我遇到了一个奇怪的问题。确切相同的脚本在开发服务器上成功并在生产服务器上失败。它失败，此错误：

...django/db/backends/mysql/base.py:114: Warning: Incorrect string value: '\x92t kno...' for column 'message' at row 1

我很清楚的Unicode问题Django的了，而且我知道这里有一吨的问题，对SO有关此错误，但我确信来设置数据库UTF-8从开始：

mysql> show variables like "character_set_database"; 
+------------------------+-------+ 
| Variable_name   | Value | 
+------------------------+-------+ 
| character_set_database | utf8 | 
+------------------------+-------+ 
1 row in set (0.00 sec) 

mysql> show variables like "collation_database"; 
+--------------------+-----------------+ 
| Variable_name  | Value   | 
+--------------------+-----------------+ 
| collation_database | utf8_general_ci | 
+--------------------+-----------------+ 
1 row in set (0.00 sec)

此外，我知道每一列都可以有自己的字符集，但message列确UTF-8：

mysql> show full columns in listserv_post; 
+------------+--------------+-----------------+------+-----+---------+----------------+---------------------------------+---------+ 
| Field  | Type   | Collation  | Null | Key | Default | Extra   | Privileges      | Comment | 
+------------+--------------+-----------------+------+-----+---------+----------------+---------------------------------+---------+ 
| id   | int(11)  | NULL   | NO | PRI | NULL | auto_increment | select,insert,update,references |   | 
| thread_id | int(11)  | NULL   | NO | MUL | NULL |    | select,insert,update,references |   | 
| timestamp | datetime  | NULL   | NO |  | NULL |    | select,insert,update,references |   | 
| from_name | varchar(100) | utf8_general_ci | NO |  | NULL |    | select,insert,update,references |   | 
| from_email | varchar(75) | utf8_general_ci | NO |  | NULL |    | select,insert,update,references |   | 
| message | longtext  | utf8_general_ci | NO |  | NULL |    | select,insert,update,references |   | 
+------------+--------------+-----------------+------+-----+---------+----------------+---------------------------------+---------+ 
6 rows in set (0.00 sec)

没有人有任何我为什么我得到这个错误？为什么它在生产配置下发生，但不是dev配置？

谢谢！

[编辑1]
要清楚，数据也是一样的。我发送一封邮件到服务器，并且procmail发送它。这是.procmailrc文件的样子：

VERBOSE=off 
:0 
{ 
    :0c 
    | <path>/dev/ein/scripts/process_new_mail.py dev > outputdev 

    :0 
    | <path>/prd/ein/scripts/process_new_mail.py prd > outputprd 
}

有process_new_mail.py 2份，但是这只是因为它的版本控制，这样我可以保持两个独立的环境。如果我区分两个输出文件（包含收到的消息），它们是相同的。

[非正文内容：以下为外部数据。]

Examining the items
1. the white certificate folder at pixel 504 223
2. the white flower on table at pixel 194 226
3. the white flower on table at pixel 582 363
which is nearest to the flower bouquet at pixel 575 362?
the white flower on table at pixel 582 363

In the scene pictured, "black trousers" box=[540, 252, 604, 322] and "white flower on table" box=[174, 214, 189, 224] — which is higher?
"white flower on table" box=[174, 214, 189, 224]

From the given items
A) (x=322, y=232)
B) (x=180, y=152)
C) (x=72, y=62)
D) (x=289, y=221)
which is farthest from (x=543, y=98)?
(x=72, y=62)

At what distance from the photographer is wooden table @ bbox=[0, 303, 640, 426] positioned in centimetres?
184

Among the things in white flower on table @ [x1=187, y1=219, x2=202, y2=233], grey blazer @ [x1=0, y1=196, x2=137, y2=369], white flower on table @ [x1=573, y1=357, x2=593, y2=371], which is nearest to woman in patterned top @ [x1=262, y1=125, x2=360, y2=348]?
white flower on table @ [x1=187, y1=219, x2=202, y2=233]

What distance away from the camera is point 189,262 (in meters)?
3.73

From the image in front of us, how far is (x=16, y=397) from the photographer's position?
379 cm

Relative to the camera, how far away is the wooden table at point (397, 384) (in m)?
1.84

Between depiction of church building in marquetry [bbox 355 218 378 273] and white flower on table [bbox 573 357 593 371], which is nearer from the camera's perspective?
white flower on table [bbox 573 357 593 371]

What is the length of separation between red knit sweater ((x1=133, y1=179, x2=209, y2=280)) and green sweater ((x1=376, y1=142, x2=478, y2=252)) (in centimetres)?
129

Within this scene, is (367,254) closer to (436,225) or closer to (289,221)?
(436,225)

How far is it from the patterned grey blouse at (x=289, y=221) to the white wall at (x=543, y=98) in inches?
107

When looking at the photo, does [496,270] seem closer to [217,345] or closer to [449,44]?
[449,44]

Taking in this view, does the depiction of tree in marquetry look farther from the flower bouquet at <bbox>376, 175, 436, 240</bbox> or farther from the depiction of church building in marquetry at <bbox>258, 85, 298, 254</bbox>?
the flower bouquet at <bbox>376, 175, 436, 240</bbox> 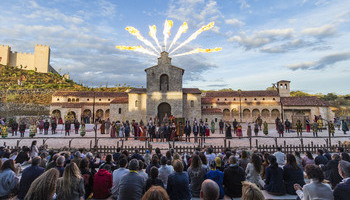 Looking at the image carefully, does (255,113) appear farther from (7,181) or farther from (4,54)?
(4,54)

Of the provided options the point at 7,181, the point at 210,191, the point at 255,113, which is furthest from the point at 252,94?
the point at 7,181

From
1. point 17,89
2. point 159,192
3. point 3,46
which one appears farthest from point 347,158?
point 3,46

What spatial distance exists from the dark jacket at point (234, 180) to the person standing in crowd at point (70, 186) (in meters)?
3.64

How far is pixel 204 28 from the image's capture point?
77.6ft

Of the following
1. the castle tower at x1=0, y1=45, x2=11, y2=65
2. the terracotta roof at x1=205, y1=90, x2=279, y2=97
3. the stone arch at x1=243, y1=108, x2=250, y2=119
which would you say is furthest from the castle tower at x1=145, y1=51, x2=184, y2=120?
the castle tower at x1=0, y1=45, x2=11, y2=65

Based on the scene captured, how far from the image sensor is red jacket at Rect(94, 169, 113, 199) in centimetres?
496

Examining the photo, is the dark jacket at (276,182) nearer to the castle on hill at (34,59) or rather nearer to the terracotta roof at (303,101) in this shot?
the terracotta roof at (303,101)

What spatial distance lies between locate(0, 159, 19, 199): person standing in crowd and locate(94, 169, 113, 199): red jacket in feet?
6.56

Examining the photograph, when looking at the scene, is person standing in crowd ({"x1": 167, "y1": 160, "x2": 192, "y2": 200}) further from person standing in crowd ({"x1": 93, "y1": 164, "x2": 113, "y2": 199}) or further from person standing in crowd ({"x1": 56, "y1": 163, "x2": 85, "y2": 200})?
person standing in crowd ({"x1": 56, "y1": 163, "x2": 85, "y2": 200})

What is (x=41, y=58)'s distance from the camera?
257 feet

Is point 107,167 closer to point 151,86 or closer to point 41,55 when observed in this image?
point 151,86

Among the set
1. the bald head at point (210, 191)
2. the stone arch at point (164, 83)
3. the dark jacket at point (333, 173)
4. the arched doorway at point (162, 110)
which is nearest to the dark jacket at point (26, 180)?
the bald head at point (210, 191)

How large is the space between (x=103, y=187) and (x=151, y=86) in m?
26.4

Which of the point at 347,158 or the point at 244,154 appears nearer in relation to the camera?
the point at 347,158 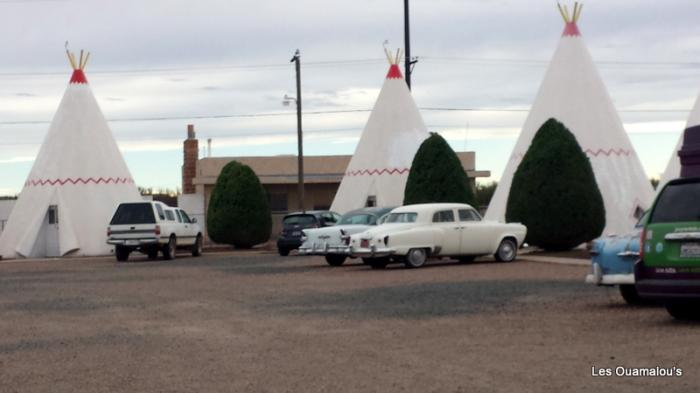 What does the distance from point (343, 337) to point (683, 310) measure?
3664 mm

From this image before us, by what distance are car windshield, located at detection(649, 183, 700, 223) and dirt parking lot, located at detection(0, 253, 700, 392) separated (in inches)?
43.8

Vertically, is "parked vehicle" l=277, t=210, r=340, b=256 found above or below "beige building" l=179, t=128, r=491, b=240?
below

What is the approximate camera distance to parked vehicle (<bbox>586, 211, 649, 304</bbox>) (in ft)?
45.2

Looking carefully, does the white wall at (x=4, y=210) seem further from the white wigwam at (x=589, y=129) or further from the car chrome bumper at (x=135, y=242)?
the white wigwam at (x=589, y=129)

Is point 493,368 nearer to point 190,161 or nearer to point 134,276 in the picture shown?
point 134,276

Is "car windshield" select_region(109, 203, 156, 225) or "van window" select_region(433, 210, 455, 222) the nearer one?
"van window" select_region(433, 210, 455, 222)

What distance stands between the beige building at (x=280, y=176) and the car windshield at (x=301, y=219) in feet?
53.8

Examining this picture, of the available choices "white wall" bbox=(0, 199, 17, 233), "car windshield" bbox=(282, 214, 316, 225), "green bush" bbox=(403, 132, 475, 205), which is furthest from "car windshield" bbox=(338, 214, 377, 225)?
"white wall" bbox=(0, 199, 17, 233)

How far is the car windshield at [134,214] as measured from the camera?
32.5 metres

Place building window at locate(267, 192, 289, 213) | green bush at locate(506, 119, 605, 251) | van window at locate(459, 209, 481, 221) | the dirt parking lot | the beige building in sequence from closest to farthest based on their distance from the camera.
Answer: the dirt parking lot, van window at locate(459, 209, 481, 221), green bush at locate(506, 119, 605, 251), the beige building, building window at locate(267, 192, 289, 213)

我其实刚刚发现dev和prd configs都失败了。不同之处在于dev的配置默默无闻（可能与DEBUG的设置有关？）。问题是其中一个消息中有一些unicode字符，并且出于某种原因，Django在扼杀它们。我正在取得进展......

我试过编辑代码来显式地将消息编码为ASCII和UTF-8，但它仍然不工作。不过，我越来越近了。

来源

2012-11-19 Geoff

你说**代码**是相同的，但是**数据**呢？也许这个bug也存在于开发环境中，你只是不知道它。尝试将该行添加到开发环境并查看是否发生了相同的错误。 – mgibsonbr

数据也完全一样。我正在向服务器发送一封电子邮件，并且我有procmail同时调用开发和生产脚本。我甚至输出这个信息只是为了确保和区分它们，它们是相同的。 – Geoff

我的直觉可能是错误的，但它似乎应该是数据库问题。有两个不同的数据库，一个用于开发，一个用于prd，但我无法发现导致此问题的两者之间的差异。 – Geoff

我修好了！问题在于我没有正确解析关于这些字符集的电子邮件。我的固定电子邮件解析代码来自this post和this post：

#get the charset of an email 
#courtesy http://ginstrom.com/scribbles/2007/11/19/parsing-multilingual-email-with-python/ 
def get_charset(message, default='ascii'): 
    if message.get_content_charset(): 
     return message.get_content_charset() 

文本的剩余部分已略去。